Science vs. Pseudo-Science

There is a quite popular myth which time and again gets propagated on the web – namely, that answers and solutions simply emerge from data all by themselves. This is very cute and also enticing to people who have little understanding about how science works, so there is no dearth of such novice pseudo-scientists who are willing to support the concept.

Nonetheless: It is complete hogwash.

That said, this week I posed a question to my so-called followers on a so-called social media website what they believe of the notion of „learning by doing“. It was mostly a hunch that motivated me to pose this question, but now I think I have been able to figure out some of my thinking behind it – and it seems to be somehow related to the above-mentioned concept of emergence.

Let me try to sketch out the basic of idea of my thinking at the moment.

One of the basic ideas behind so-called “scientific management” is that the basis of successful management (of tasks, projects, entire companies, etc.) is a reliance on what might be referred to as scientific facts – basically: ideas which have stood the test of time and/or “results” from scientifically designed research.

In my question, in contrast, I asked: “What if the indoctrination of such observations, facts, etc. is expensive?” I compared a “learning by doing” hypothetical example in which 10 people jumped into water, 9 learned how to swim, but one drowned with a situation in which 10 people were taught to swim by an instructor. To clarify my point, I also asked: “What if teaching 10 people to swim is more expensive than feeding 100 starving children?”

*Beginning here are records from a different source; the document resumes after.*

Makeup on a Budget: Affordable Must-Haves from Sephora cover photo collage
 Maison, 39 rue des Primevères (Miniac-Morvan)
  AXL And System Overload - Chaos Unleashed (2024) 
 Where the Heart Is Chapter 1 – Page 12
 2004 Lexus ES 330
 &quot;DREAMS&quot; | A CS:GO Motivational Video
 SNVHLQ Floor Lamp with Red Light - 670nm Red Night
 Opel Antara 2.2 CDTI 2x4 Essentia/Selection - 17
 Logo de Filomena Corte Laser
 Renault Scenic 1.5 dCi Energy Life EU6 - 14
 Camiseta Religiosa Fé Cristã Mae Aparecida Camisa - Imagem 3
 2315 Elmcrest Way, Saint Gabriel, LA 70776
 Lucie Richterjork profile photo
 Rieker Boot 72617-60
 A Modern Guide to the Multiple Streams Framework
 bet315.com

In a way, the 9 people who emerged from the water in the hypothetical example learned how to swim by not drowning are an example of something very similar to what advocates of emergence seem to be arguing for: We don’t need science, we can just “wing it” instead.

In my additional remark comparing the price of one drowned person with the cost of a hundred starving children, I wanted to underscore the way the opportunity cost of either method is by no means zero.

What is more: We actually “wing it” every day. Taken to the extreme, it should be readily obvious that the world as we experience it today has never existed before. We can assume it is similar, we can try to “control” for this or that assumed variable, but in the end it essentially boils down to Einstein’s famous remark that “God does not play dice”.

Unfortunately, I still have not found an answer to the question I posed that I am happy with.